Wednesday, March 21, 2012

State Pushes Anti-Science Laws To Governor Haslam

Grade school and high school are the academic locations Tennesseee's politicians want to use to determine the value of science and that of religion too. Yep. Science is some dubious scheme to make you doubt Jesus, according to the state legislature.

Nearly one year after this ridiculous idea first shambled into the legislature, the bill to order teachers to say science is a controversial topic is waiting for Gov. Haslam to sign it. Knox Rep. Bill Dunn has allowed Hixson Senator Bo Watson to run the legislation through this time. 

"The idea behind this bill is that students should be encouraged to challenge current scientific thought and theory,” said state Sen. Bo Watson, R-Hixson."

Yeah, forget education about the value of science or math or biology - let kids decide classroom by classroom if they believe any of it.

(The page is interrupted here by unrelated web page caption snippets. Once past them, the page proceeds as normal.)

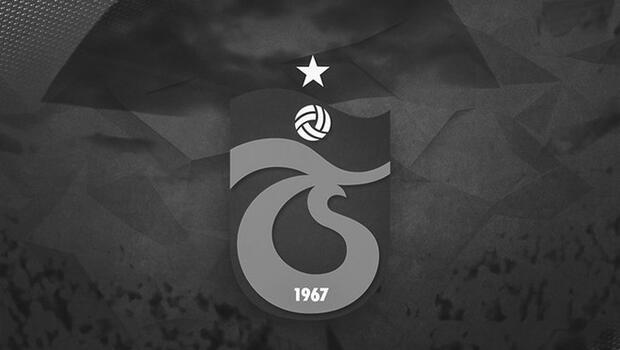 Trabzonspor'un acı günü! Bülent Akyazıcı vefat etti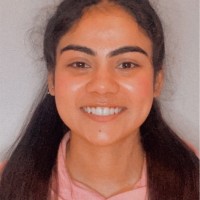 Khushi Chandra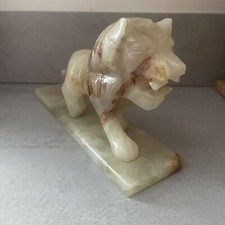 Vintage early 20th for sale  BUXTON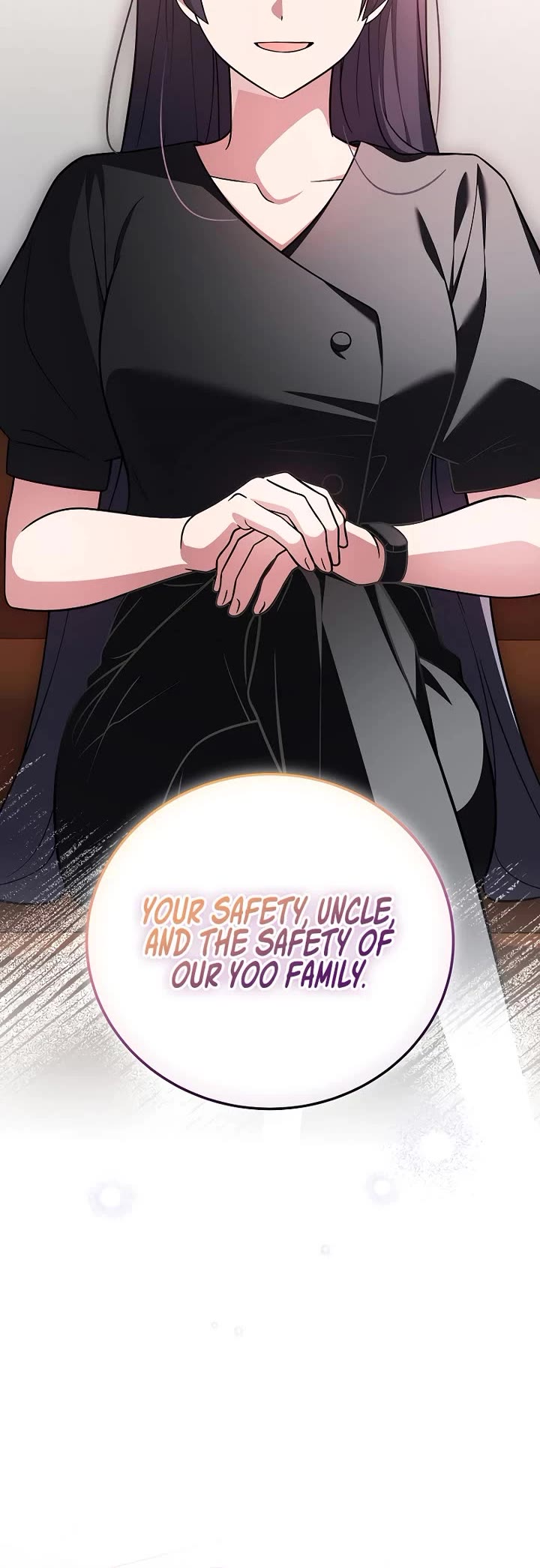 The Novel’s Extra chapter 163 page 47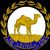 1994 establishments in Eritrea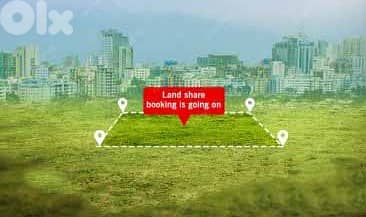EXCEPTIONAL LAND OPPORTUNITY FOR INVESTORS IN MSAYTBEH PRIME (BT-1176)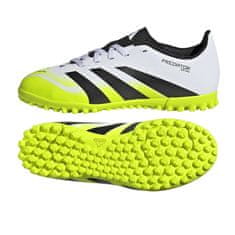 Adidas Čevlji 36 EU Predator Club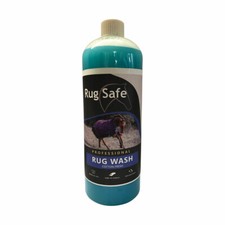 Rugsafe Cotton
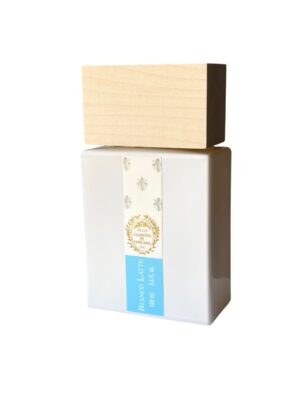 Giardini di Toscana Bianco Latte 100ml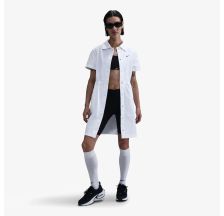 Жіноча сукня NIKE W NSW EVRYTHNG WVN SS MINI DRS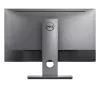DELL UltraSharp U2717D Computermonitor 68,6 cm (27 Zoll) 2560 x 1440 Pixel Quad HD LCD Schwarz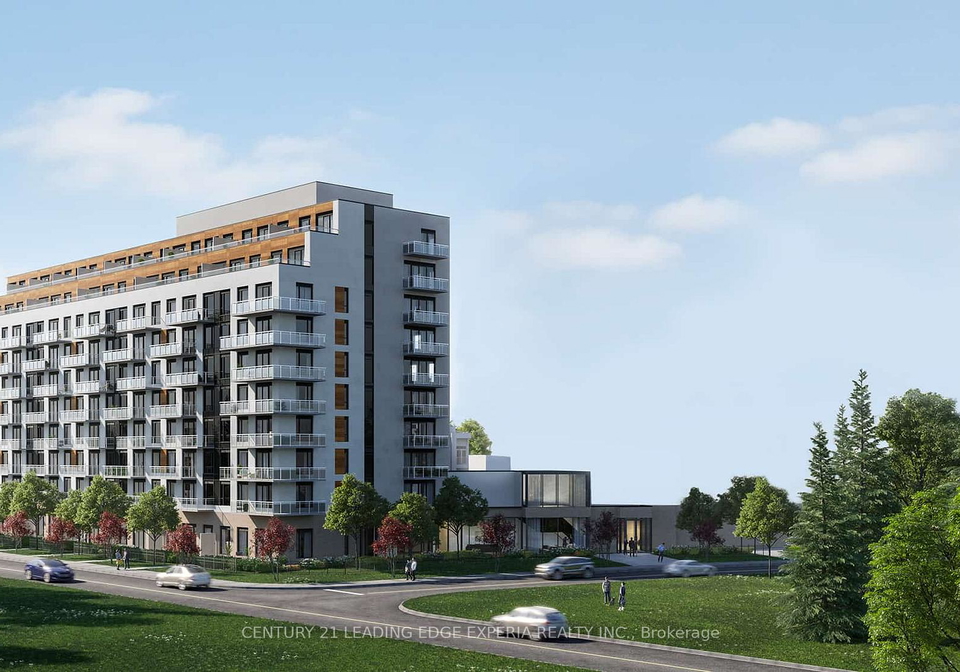 2-david-eyer-road-richmond-hill-ontario-n12548524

"Knoxville Rep. Bill Dunn was very careful in presenting HB 368 so it hides the anti-science goals, but the result is clear - science classes must present science itself as controversial and the bill promotes a deep lack of understanding of what "scientific theory" means. As for who should help create these low standards - not scientists, of course - but administrators. The bill only defines as "controversial" a select set of areas: "biological evolution, the chemical origins of life, global warming, and human cloning." And, as noted below, Rep. Dunn's legislation is the creation of evangelical Christians.Rep. Dunn's aim of injecting politics into school science classes is a dangerous act. And his proposed new state law is a part of a nationwide effort to use the schoolroom as a political tool to promote political agendas. These bogus ideas are labeled "Academic Freedom" bills, which sounds nice, but really point to a desire to eliminate critical study and reject the history of scientific investigation, and the legislation is drafted by evangelical organizations:

... 'academic freedom' bills that are being introduced by state lawmakers around the country instruct educators to teach students about “both sides” of controversial issues—most notably on evolution. The Seattle-based, pro-intelligent design Discovery Institute is behind efforts to introduce many of these bills and has proposed sample legislation for lawmakers to follow.
Since the Louisiana bill was passed (making it the only state to have actually passed an academic freedom bill into law), proposed bills have included global warming and human cloning on the list of “controversial topics,” as they encourage “thinking critically” about the “relationships between explanations and evidence.”
More recently, in Kentucky, a bill was introduced in the Legislature that would encourage teachers to discuss “the advantages and disadvantages of scientific theories,” including “evolution, the origins of life, global warming, and human cloning.”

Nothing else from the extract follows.